Welcome to 34 Teams in 34 (week)Days. Every Monday through Friday from now until the beginning of the season we’ll be previewing the teams we’ll cover this season at NYC Buckets. (The entire NEC, Ivy League, and MAAC along with Fordham, Hofstra, Stony Brook, Seton Hall and St. John’s.) We’re covering them in approximately the reverse order of how we see them finishing in 2017-18.
Today the St. Francis Brooklyn Terriers kick off the series. Assuming everything goes to plan there will be a new post every weekday from now on, with the final preview coming on Nov. 7, just a few days before the season kicks off.
Each preview will also have this helpful graphic (created by Kevin Whitaker) to help readers quickly understand exactly what a team lost and returns this season. The y-axis is a player’s offensive rating, or how efficient he was on offense. The x-axis represents a player’s possession minutes—usage rate weighted by playing time. Taking a look at SFC’s chart, you can see that Yunus Hopkinson was a large (if inefficient) part of the Terriers’ offensive attack last season and they’ll have to figure out how to replace him moving forward.
St.

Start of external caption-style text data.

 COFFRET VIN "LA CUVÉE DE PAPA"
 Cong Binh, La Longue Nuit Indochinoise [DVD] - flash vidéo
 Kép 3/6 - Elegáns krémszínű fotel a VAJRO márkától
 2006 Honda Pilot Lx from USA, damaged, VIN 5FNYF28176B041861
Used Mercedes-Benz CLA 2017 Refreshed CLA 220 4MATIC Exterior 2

Francis Brooklyn
Outlook: Strong guard play paired with a fast learning frontcourt should make the Terriers more competitive in the NEC this season.
Last year: 4-27 (2-16 NEC)
Who’s in: Chauncey Hawkins (G); Yaradyah Evans (F); Jalen Jordan (G); Josh Nicholas (G); Milija Cosic (F)

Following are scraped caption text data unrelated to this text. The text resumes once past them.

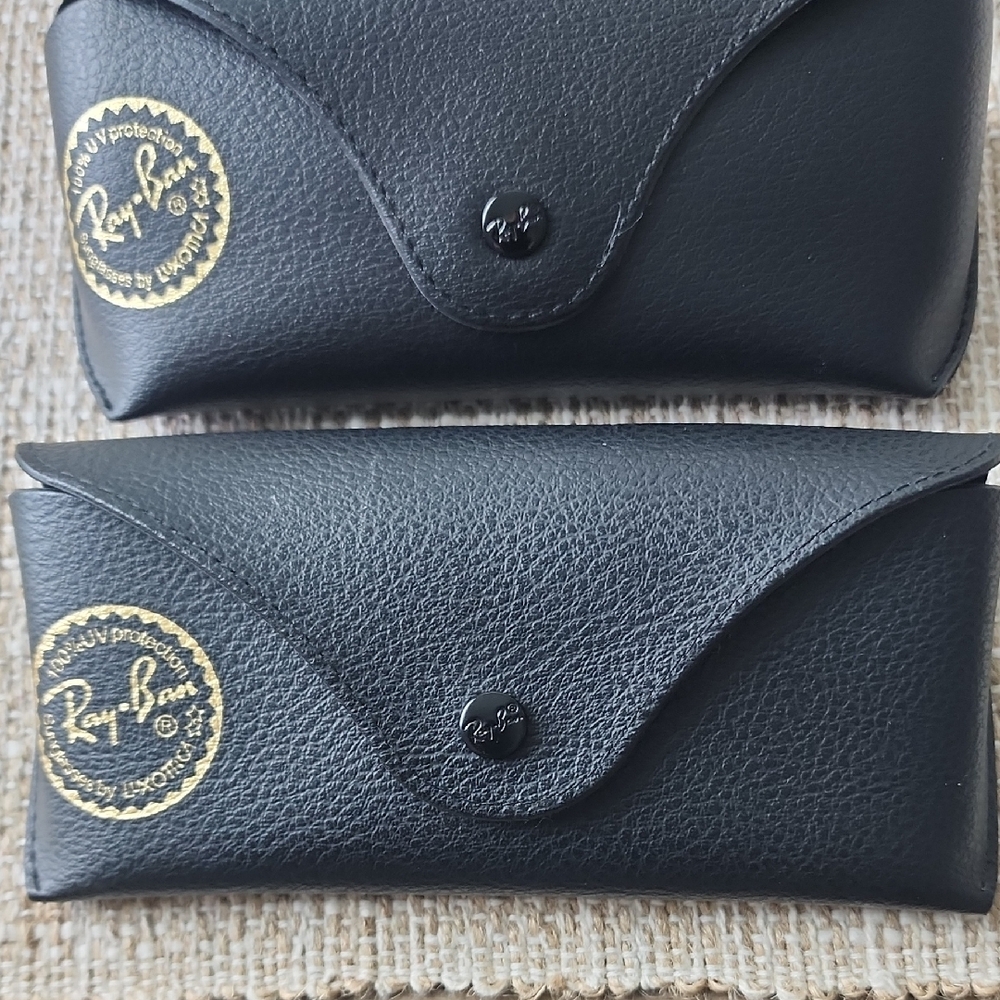 Ray-Ban Black Sunglasses Cases (4) - Picture 3 of 5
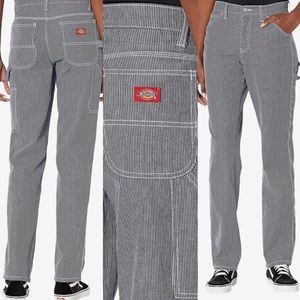 Carpenter Pinstripe Dickies Pants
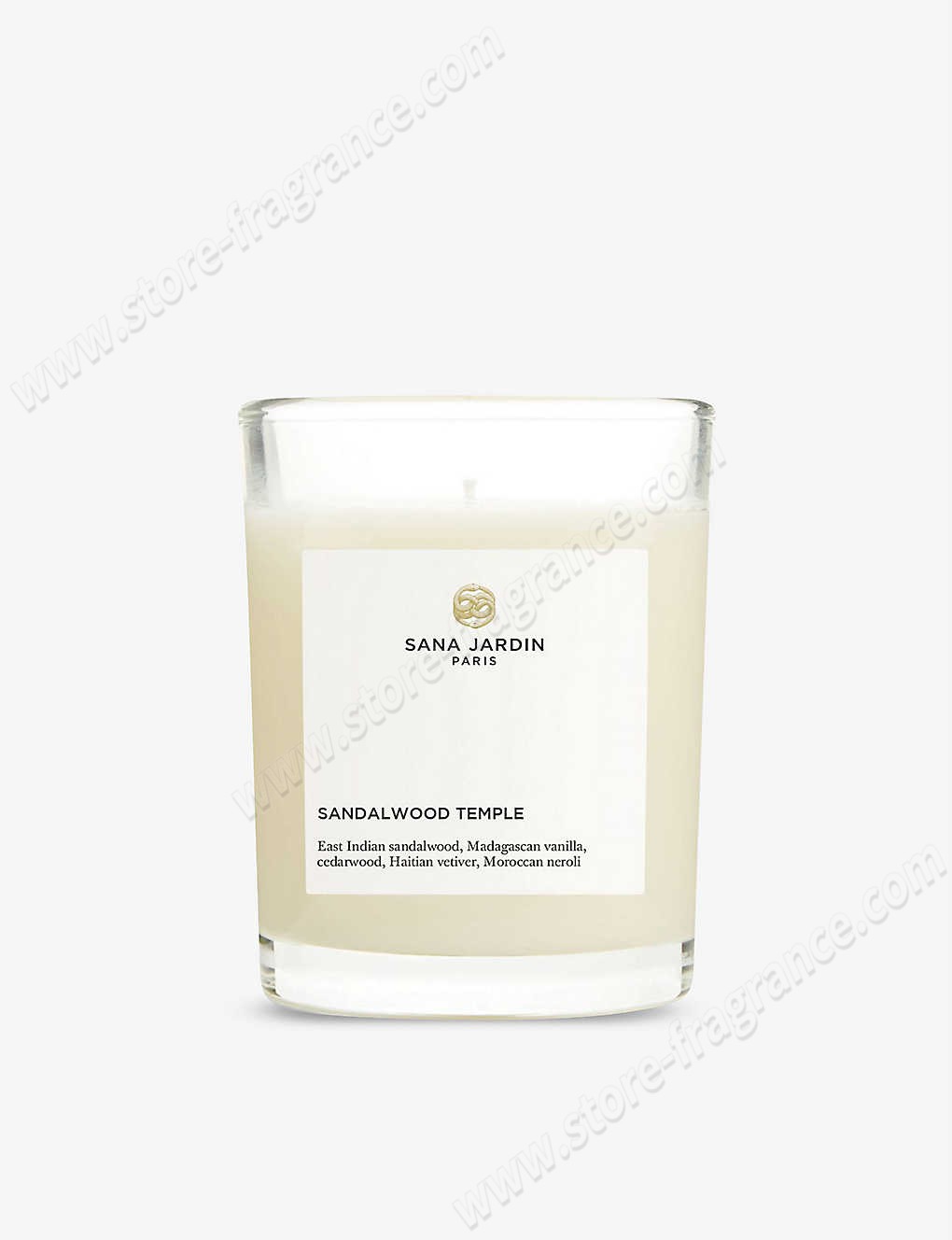 SANA JARDIN/Sandalwood Temple scented candle 190g ✿ Discount Store - -0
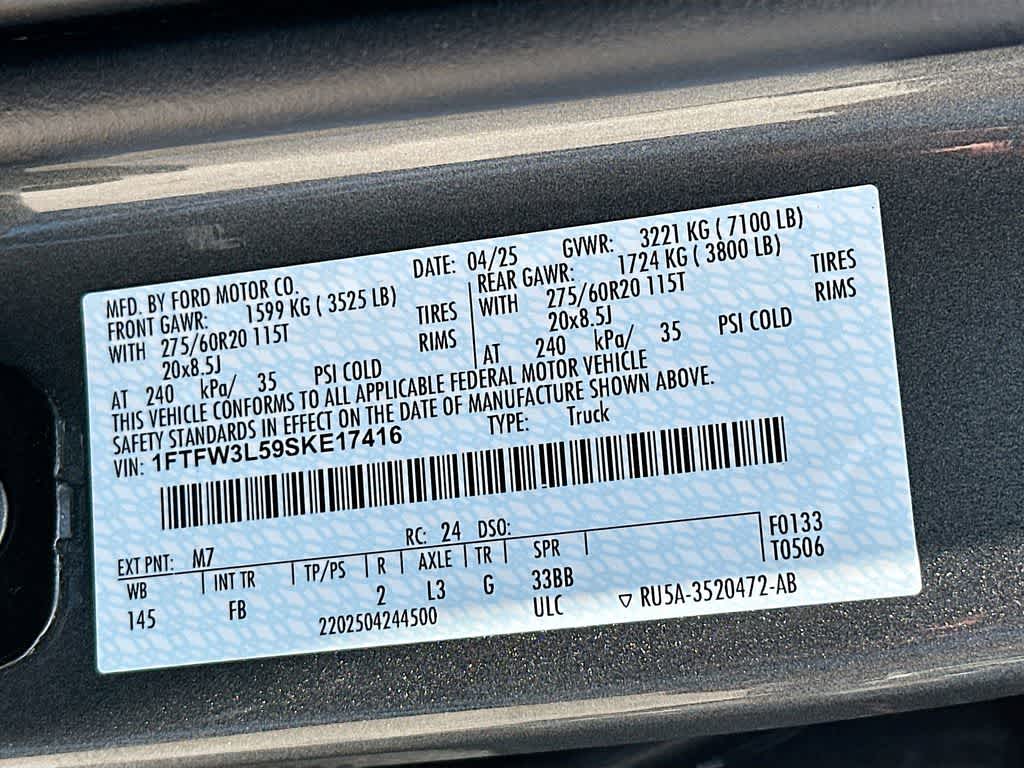 Thumbnail: 2025 Ford F-150 - 22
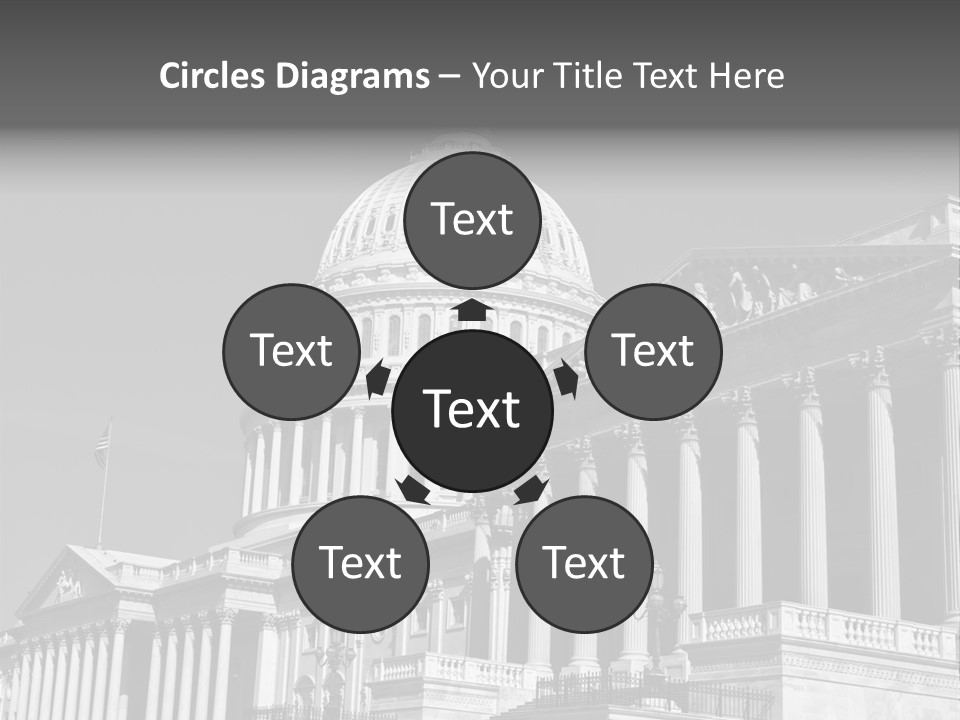 Washington Historic White PowerPoint Template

Who’s out: Yunus Hopkinson (G); Jahmel Bodrick (F); Robert Montgomery (F); Gianni Ford (G)
Key Non-Conference Games: Brown (11-19-2017); Army (12-12-2017)

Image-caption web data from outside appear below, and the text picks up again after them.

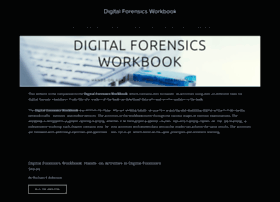 digitalforensicsworkbook.com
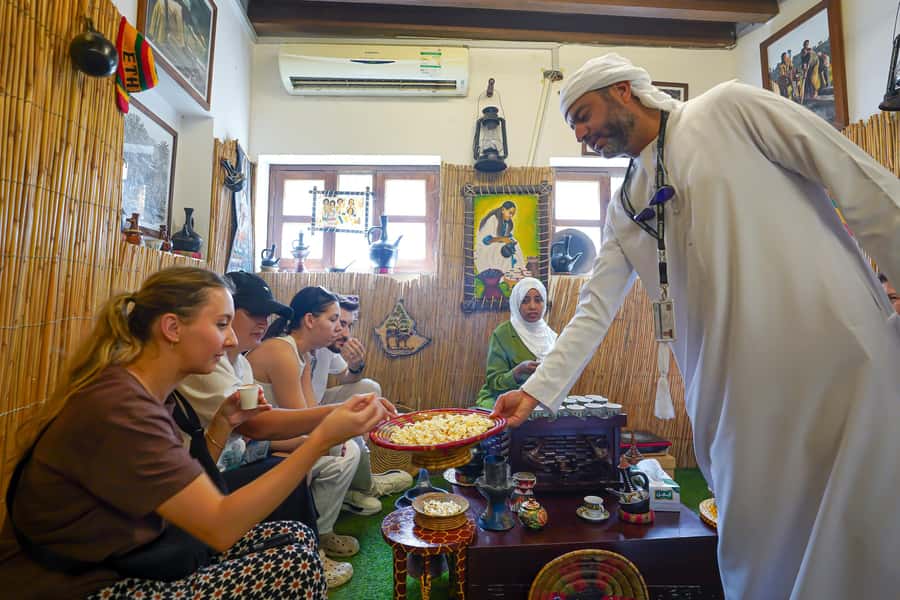 Dubai: Old Town, Street Food, Creek, Souks, & Emirati House - Crossing the Creek by traditional abra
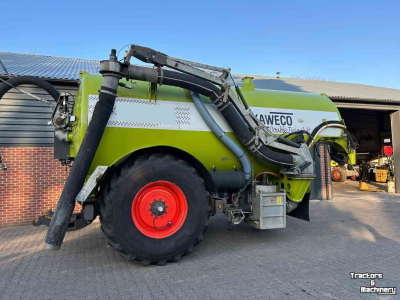 Slurry tank Kaweco Double Twin Shift 21 m3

The 2016-17 season is one I’m sure St. Francis Brooklyn head coach Glenn Braica would like to forget. After opening NEC play with two overtime victories, SFC failed to win a game in 2017. The Terriers lost their final 16 games and missed the NEC tournament. They finished the season ranked 346th in KenPom, ahead of just five teams in the entirety of Division I.
The problems started in the offseason when an injury to sophomore forward Cori Johnson sapped the Terriers of what little frontcourt depth they had. The lack of size forced Braica to play 6’3” forward Gunnar Olafsson (5.1 rpg) at power forward at times last season. Hopefully the development of Joshua Nurse—who had strong rebounding and block rates in NEC play but committed 8.8 fouls per 40 minutes—and the return of Johnson should give SFC some more size. (It should be noted though that Johnson is still recovering from a knee injury, so his status isn’t certain.) In addition, Milija Cosic comes to SFC with experience at the JUCO level. He has the potential to provide a perimeter oriented option at forward that might help the Terriers better balance the floor offensively. Getting some additional size on the court is a big key for Braica, as the Terriers shot just 40.1% on two-point attempts, the worst rate in Division I.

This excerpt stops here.